> _ASSIGNED TASK_
Return, with both end lines included, exactly what the data below holds from the line with "精彩的幼儿短睡前故事一.doc" through the line with "侍女只想活下去漫画下拉式", though not the pictures.

START DATA

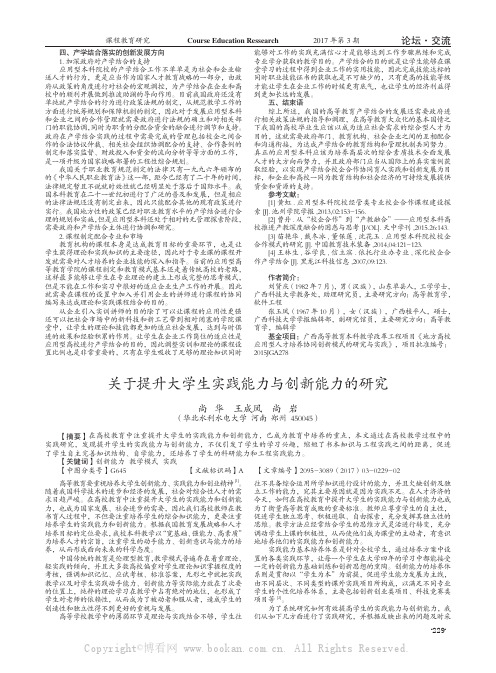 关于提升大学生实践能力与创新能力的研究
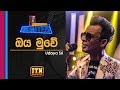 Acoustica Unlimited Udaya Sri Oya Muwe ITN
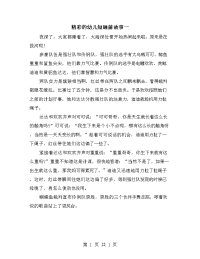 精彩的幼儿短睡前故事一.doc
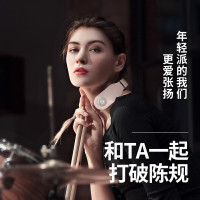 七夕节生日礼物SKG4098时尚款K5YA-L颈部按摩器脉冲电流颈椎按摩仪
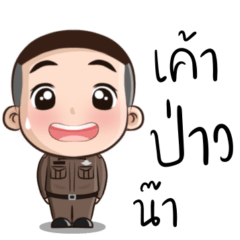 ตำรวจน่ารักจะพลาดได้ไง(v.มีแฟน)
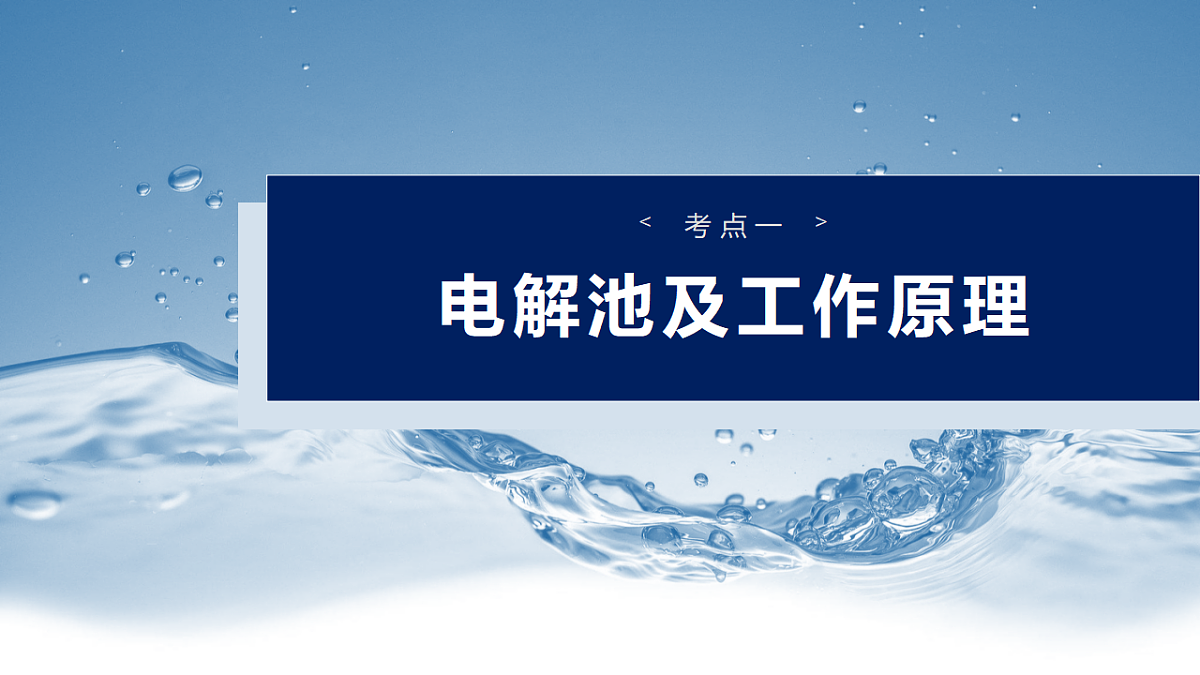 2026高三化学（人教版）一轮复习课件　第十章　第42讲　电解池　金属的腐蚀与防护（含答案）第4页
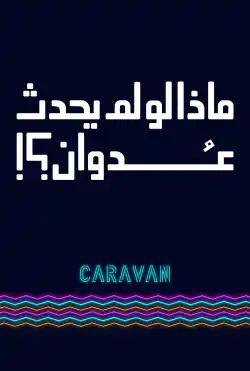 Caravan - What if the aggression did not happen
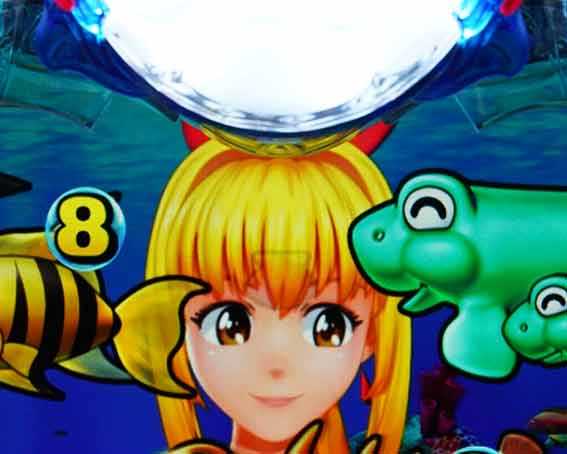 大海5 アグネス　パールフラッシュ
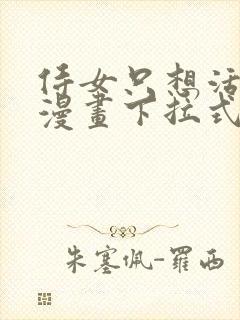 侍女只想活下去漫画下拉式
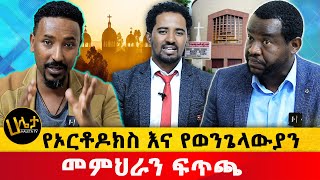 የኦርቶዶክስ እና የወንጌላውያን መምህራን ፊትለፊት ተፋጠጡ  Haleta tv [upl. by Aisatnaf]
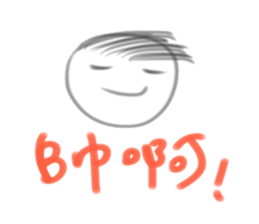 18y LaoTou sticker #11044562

END DATA

> _WRITTEN ANSWER_
 精彩的幼儿短睡前故事一.doc
 七夕节生日礼物SKG4098时尚款K5YA-L颈部按摩器脉冲电流颈椎按摩仪
 ตำรวจน่ารักจะพลาดได้ไง(v.มีแฟน)
 2026高三化学（人教版）一轮复习课件　第十章　第42讲　电解池　金属的腐蚀与防护（含答案）第4页
 Caravan - What if the aggression did not happen
 大海5 アグネス　パールフラッシュ
 侍女只想活下去漫画下拉式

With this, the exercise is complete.